*PROBLEM DESCRIPTION:* Go through the listing below and retype exactly the lines starting at the one with "A woman beams" and ending at the one with "Imprenditori in alto", skipping pictures.

*MATERIAL PROVIDED:*

/---

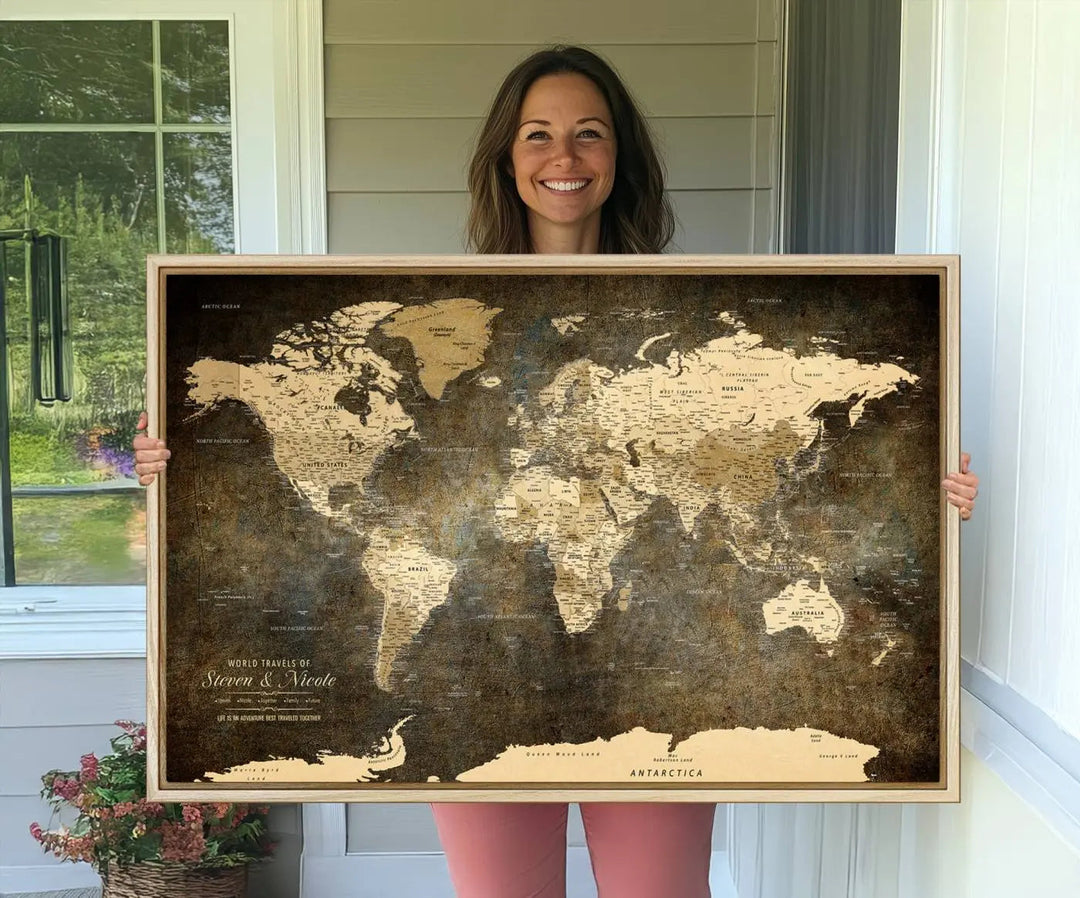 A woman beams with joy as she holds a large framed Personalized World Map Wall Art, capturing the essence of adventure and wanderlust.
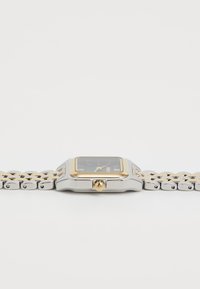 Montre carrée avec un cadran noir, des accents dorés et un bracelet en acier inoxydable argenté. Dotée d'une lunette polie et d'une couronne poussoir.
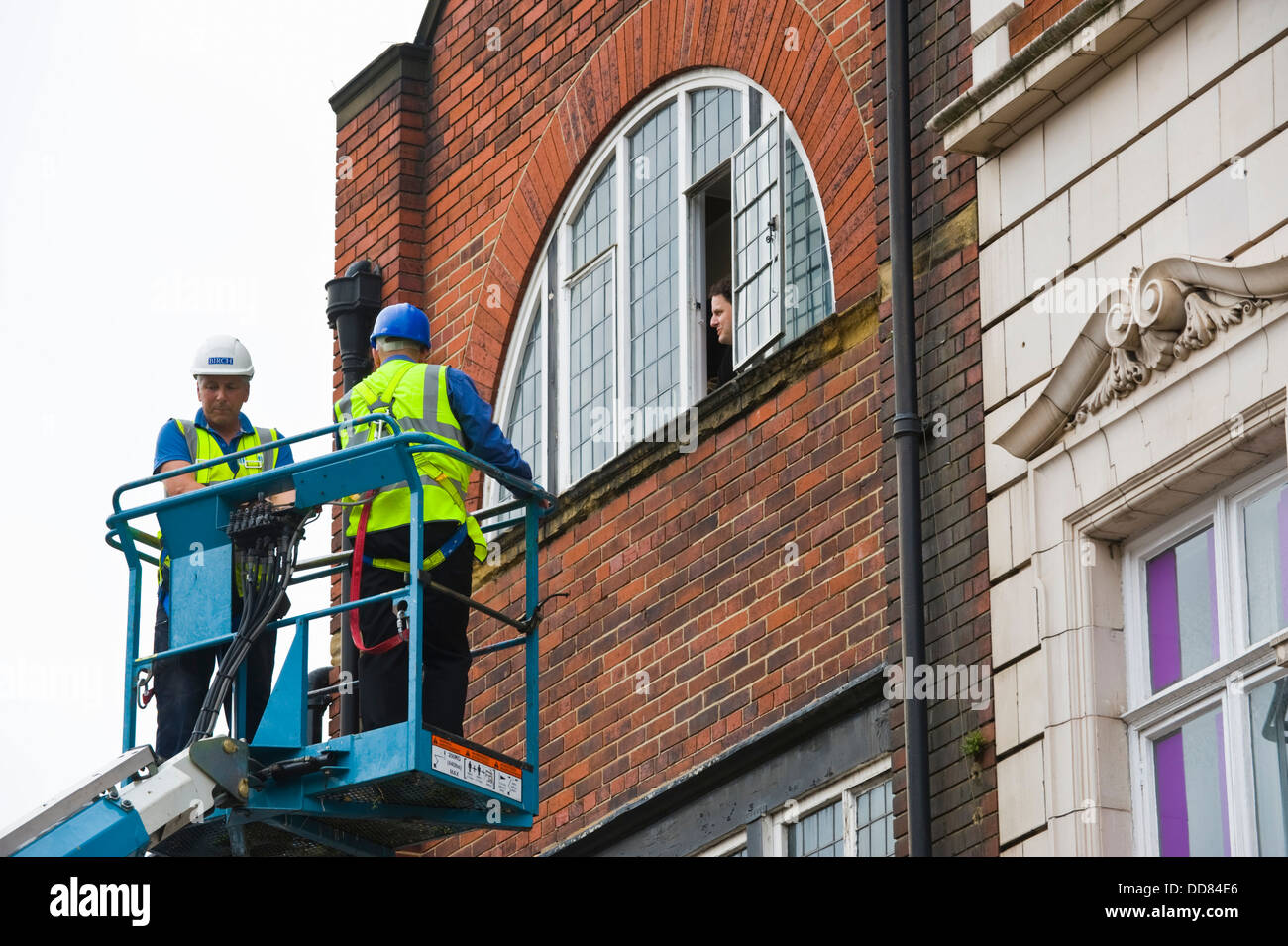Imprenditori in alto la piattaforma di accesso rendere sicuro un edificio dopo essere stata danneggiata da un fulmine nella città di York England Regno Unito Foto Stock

\---
/---

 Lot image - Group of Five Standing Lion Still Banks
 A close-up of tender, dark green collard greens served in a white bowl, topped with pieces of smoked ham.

\---

*SOLUTION TO THE PROBLEM:*
 A woman beams with joy as she holds a large framed Personalized World Map Wall Art, capturing the essence of adventure and wanderlust.
 Montre carrée avec un cadran noir, des accents dorés et un bracelet en acier inoxydable argenté. Dotée d'une lunette polie et d'une couronne poussoir.
Imprenditori in alto la piattaforma di accesso rendere sicuro un edificio dopo essere stata danneggiata da un fulmine nella città di York England Regno Unito Foto Stock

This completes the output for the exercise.